As pundits celebrate the triumph of global capitalism, a populist rejection of what Gray calls "the Washington consensus" is gathering on the right. With the contradictions between free markets and strong families, between global corporations and love of country growing increasingly stark, more and more conservatives are questioning the laissez-faire corporate globalism that has enjoyed bipartisan support for two decades.

Only a minority of conservatives have thus far embraced this new-right rejection. But its potential to transform our politics is already seen in the Congress, where the corporate trade agenda has been stalled by an uneasy coalition of new-right activists and progressive workers, consumer and environmental movements.

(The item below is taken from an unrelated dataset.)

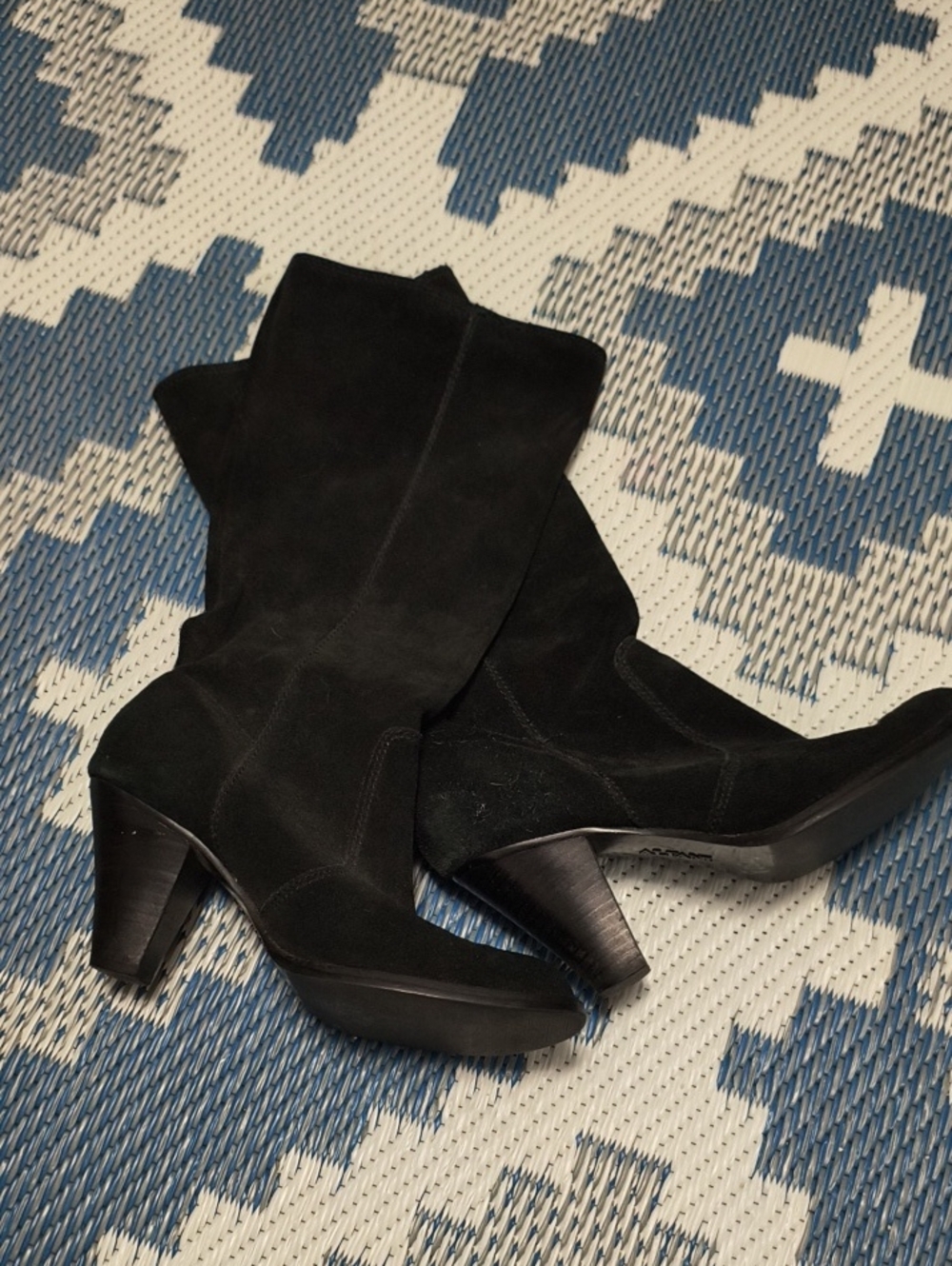 Alfani Black Suede Mid-Calf Heeled Boots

As Buchanan and Gray show, the power of the conservative critique of globalism is likely to attract even greater support.

In "The Great Betrayal," Buchanan scorns the globalist project touted by President Bill Clinton and House Speaker Newt Gingrich (R-Ga.) as an idolatrous "first cousin to Marxism." For Gray, laissez-faire globalism is, like communism, a false utopia, sharing "their cult of reason and efficiency, their ignorance of history and their contempt for the ways of life they consign to poverty and extinction."

Buchanan and Gray focus on the new right's core concern: the disintegration of the American family. The entire conservative galaxy--the Heritage Foundation, the Christian Coalition, Empower America--recites what William J. Bennett packaged as the "leading cultural indicators of America": divorce, out-of-wedlock childbirth, crime, drug use, delinquency. The "de-moralization of society," as Gertrude Himmelfarb put it, is the staple of conservative rhetoric.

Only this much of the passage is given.